PREP TIME: 30 minutes COOK TIME: 1 hour
- for the apple slices:
- 6 small golden delicious apples, peeled and cored
- 1/4 cup of sugar (can substitute date sugar)
- 3 tablespoons of butter
- for the crust:
- 1 cup of almonds, crushed
- 1 cup of pecans, crushed
- 1 egg, beaten
- 3 tablespoons of butter at room temperature
- 2 tablespoons of all-purpose flour (can substitute spelt flour)
- pinch of salt
- for the bread pudding:
- 5-6 slices of your favorite bread
- 1/4 cup of almond milk
- 1/4 cup of plain yogurt
- 1 egg beaten
- 2 tablespoons of maple syrup
- 1/2 teaspoon of vanilla
- for serving:
- 1 cup of heavy cream
- 1 tablespoon of honey
- 1 orange, grated zest
PREHEAT oven to 350° F.
LINE an 8.5 x 4.5 x 2.75 inch loaf pan with a Reynolds® Non Stick Pan Lining Paper.
MIX the sugar with the butter to make a paste, set aside.
SLICE the apples very thin.
For the curst, COMBINE the butter with the flour.

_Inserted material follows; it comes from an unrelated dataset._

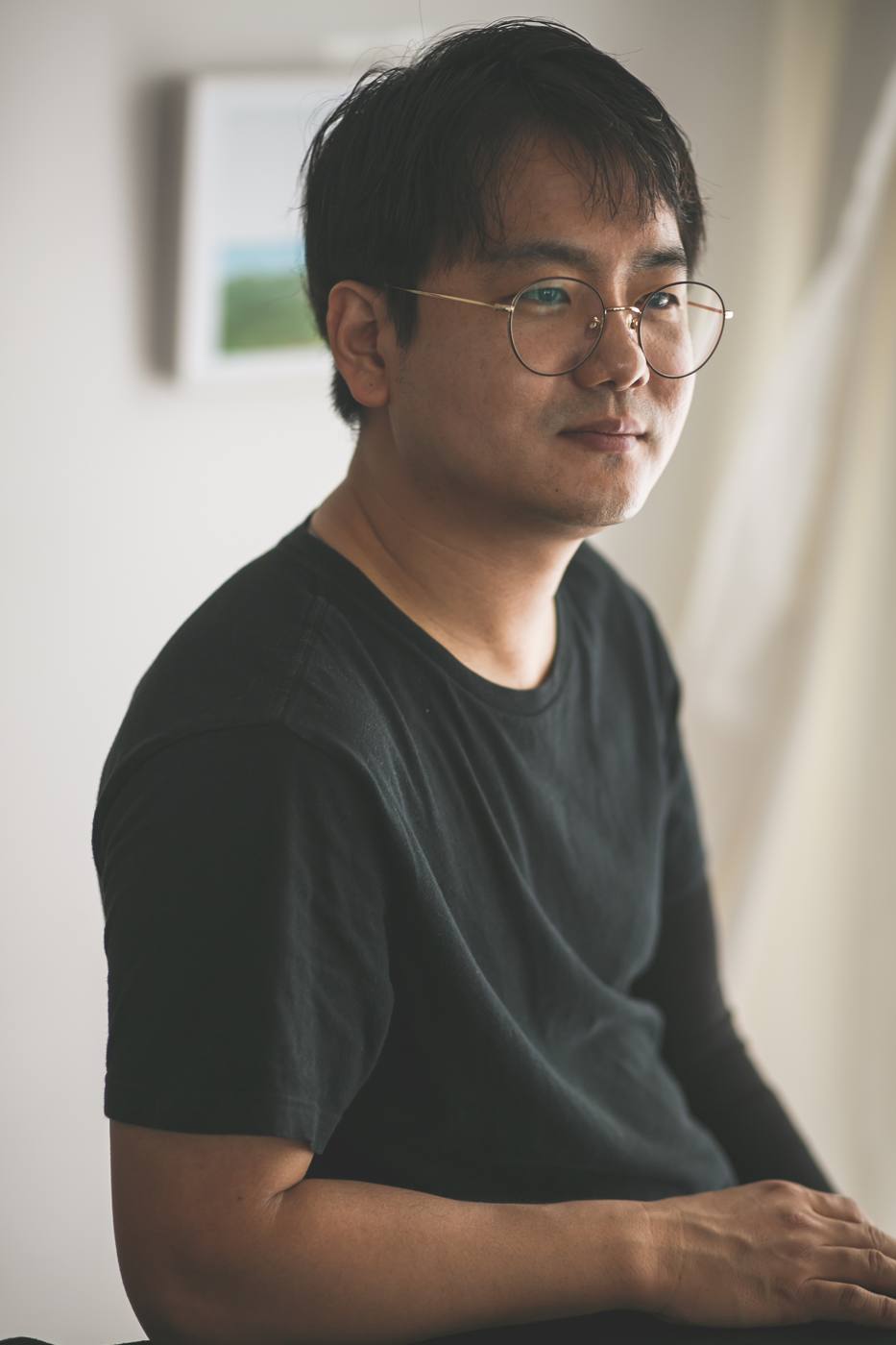 Park Kyoung Mug in his studio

Mix in the almonds, the pecans, and egg with the salt.
For the bread pudding, MIX the almond milk, the yogurt, the vanilla, the maple syrup and the egg. Incorporate the bread. Cut into pieces and combine all.
SPREAD a small amount of the paste to cover the bottom of the loaf pan and arrange the apple slices on top, use alternating layers of apples with the paste. Press down and compress the apples.
SPREAD the crust over the apple layer pressing down.
SPREAD the bread pudding mixture on top.
BAKE at 350 degrees for 55 minutes to 1 hour and 5 minutes or until top is golden brown.
MIX heavy cream, honey and orange zest together and pour on top of finished loaf.
Optional, DUST with powdered sugar on the top for extra sweetness.